William Wallace Turnbull était le deuxième fils de William Baxter Turnbull, dont les grands-parents avaient émigré d’Édimbourg, et de Relief Ann Tucker, descendante de loyalistes. En 1846, il s’établit à Saint-Jean, où W. D. W. Hubbard, commissaire-priseur, lui offrit un emploi de commis. Moins de deux ans après, il devint teneur de livres pour la firme G. and J. Salter.

En 1851, Turnbull lança sa propre affaire d’épicerie et d’alimentation en gros ; quelques années plus tard, il entreprit l’exploitation commerciale de navires et le transport de marchandises. Décrit dans une notice nécrologique comme « le marchand le plus prospère » de Saint-Jean, il avait fondé la Turnbull and Company avec seulement 200 $ en poche ; en outre, probablement à cause d’« un bon nombre de mauvaises créances et d’entreprises hasardeuses » au début de sa carrière, il s’écoula de nombreuses années avant qu’il ne s’attire les éloges du milieu des affaires. Après le grand incendie de 1877, qui détruisit ses installations du quai South Market, Turnbull établit son entreprise rue Ward et s’associa à Joseph Flewelling Merritt. Six ans plus tard, Gabriel Wetmore Merritt se joignit à eux.

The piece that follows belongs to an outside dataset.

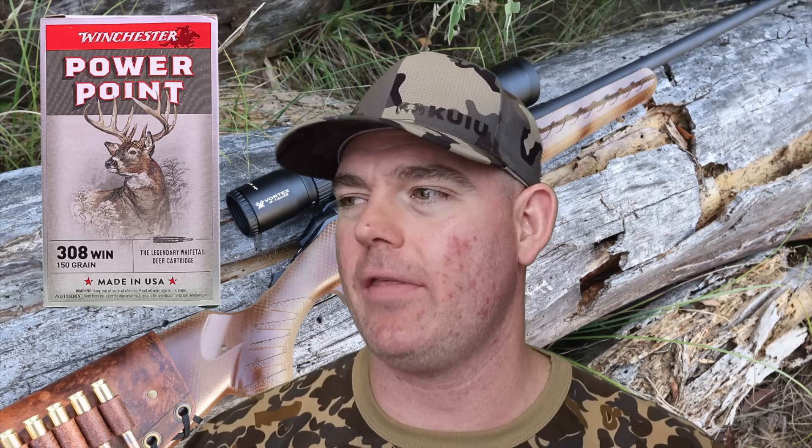Now, if I was setting up a rifle specifically for longer range hunting, I'm not sure I'd be using Winchester PowerPoint ammo — I'd probably go with some more specialized ammo that's better for that. It will give tighter groups, but it's definitely minute of deer. And I can personally vouch for its performance on game. It does the job.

Turnbull s’occupait activement du Board of Trade de Saint-Jean, dont il fut membre du conseil d’administration de 1867 à 1872 et de 1886 à 1887.

À titre d’homme d’affaires dans une ville des Maritimes en pleine période de fluctuation économique, Turnbull était bien au fait des changements que la Confédération entraînait. Il s’opposait fortement à la Politique nationale [V. Sir Samuel Leonard Tilley] et affirmait qu’elle arrachait d’« importantes sommes en taxes des poches des gens, sans [...] leur [donner...] aucun avantage compensatoire ». Il était en faveur du libre-échange, car il considérait cette pratique comme « parfaitement saine en principe » et capable d’agir pour « le plus grand bien du plus grand nombre » de ses concitoyens. Même s’il ne prit pas une part active à la vie politique, Turnbull était libéral, ce qui n’a peut-être rien de surprenant.

James Davies Lewin, collègue de Turnbull à la direction de la Bank of New Brunswick, ferait remarquer après le décès de ce dernier qu’il avait toujours été « prêt à adopter de nouvelles méthodes et à entreprendre de nouvelles activités commerciales ». Comme beaucoup de ses contemporains qui étaient à la recherche d’investissements rentables, Turnbull fut attiré par les chemins de fer. Membre du groupe qui fit construire le New Brunswick Railway, de Gibson (Fredericton) à Edmundston, il se départit de ses intérêts dans cette entreprise en 1880. Turnbull investit aussi dans l’immobilier à Saint-Jean. En 1892, il fonda la première entreprise immobilière de la ville constituée juridiquement, la Turnbull Real Estate Company, qui était le plus important propriétaire immobilier au moment de sa mort. Vers 1896, il avait vendu ses intérêts dans la Turnbull and Company aux Merritt, qui réorganisèrent l’entreprise sous le nom de Merritt Brothers and Company. Les dernières décisions que prit Turnbull dans le cours de ses affaires témoignent donc du déclin que connurent les marchands en gros de Saint-Jean après la Confédération.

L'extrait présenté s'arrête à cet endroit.